** Opening Records provided block **

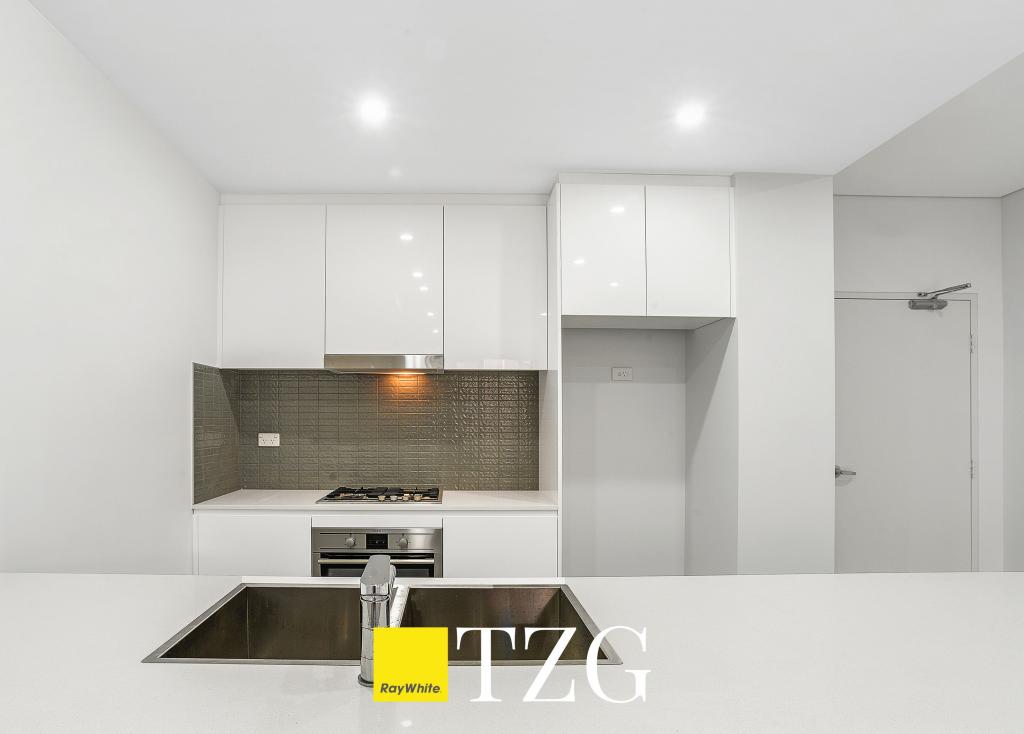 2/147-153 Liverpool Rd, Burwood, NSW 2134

** Closing Records provided block **
** Opening Records provided block **

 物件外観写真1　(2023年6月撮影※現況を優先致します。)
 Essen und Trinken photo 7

** Closing Records provided block **

:: What you will do ::
Print exactly the lines above, between the one holding "物件外観写真1　(2023年6月撮影※現況を優先致します。)" and the one holding "Essen und Trinken photo 7", inclusive, and nothing besides.

:: Reply ::
 物件外観写真1　(2023年6月撮影※現況を優先致します。)
 Essen und Trinken photo 7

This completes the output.